▶ [Task statement] With no images included, output each entry below exactly as it appears.

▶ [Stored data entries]
▼

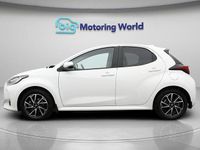 Used Toyota Yaris Hybrid Design 116 HP (85 kW) 2022 White Hatchback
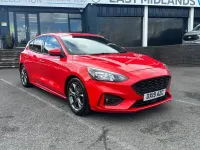 Used Ford Focus ST-Line 125 HP (91 kW) 2019 Red Hatchback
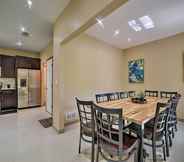 Others 5 Camelback Home w/ Game Room, 1 Min to Skiing!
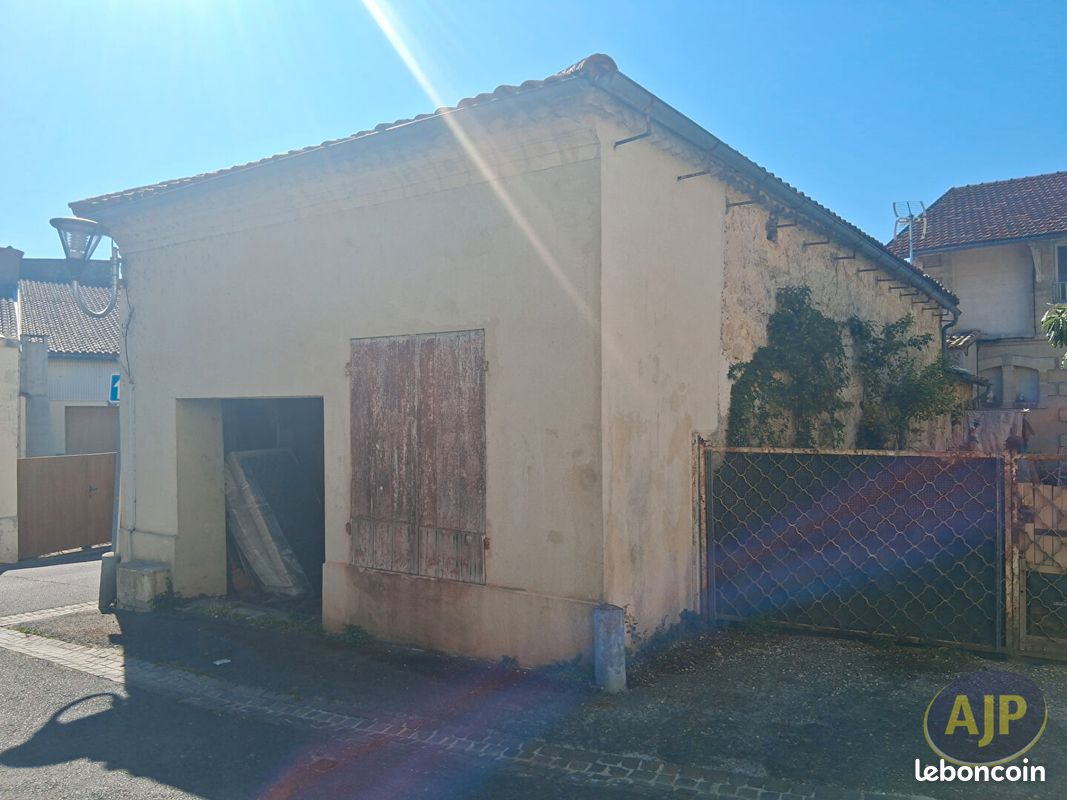 Parking 2 pièces 78 m² · à Pauillac · 78 m² · 49 520 €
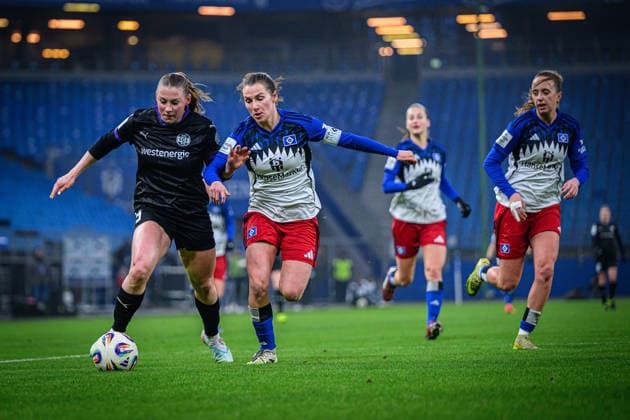 Soccer I Women I Season 2025 2026 I Bundesliga I 15 Matchday I Hamburger SV SGS Essen I 25 01 2026 Ramona Maier 9, SGS Essen , Pauline Annette Machtens 28, Hamburger SV Hamburg Volksparkstadion Hamburg Germany Copyright: xLobecax xHenningxRohlfsx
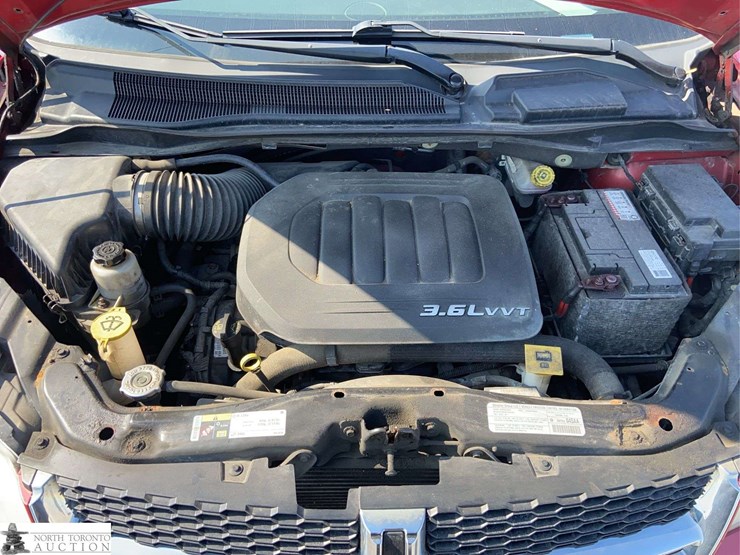 2013-dodge-grand-caravan-sxt-image-10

▲

▶ [Output below]
 Used Toyota Yaris Hybrid Design 116 HP (85 kW) 2022 White Hatchback
 Used Ford Focus ST-Line 125 HP (91 kW) 2019 Red Hatchback
 Others 5 Camelback Home w/ Game Room, 1 Min to Skiing!
 Parking 2 pièces 78 m² · à Pauillac · 78 m² · 49 520 €
 Soccer I Women I Season 2025 2026 I Bundesliga I 15 Matchday I Hamburger SV SGS Essen I 25 01 2026 Ramona Maier 9, SGS Essen , Pauline Annette Machtens 28, Hamburger SV Hamburg Volksparkstadion Hamburg Germany Copyright: xLobecax xHenningxRohlfsx
 2013-dodge-grand-caravan-sxt-image-10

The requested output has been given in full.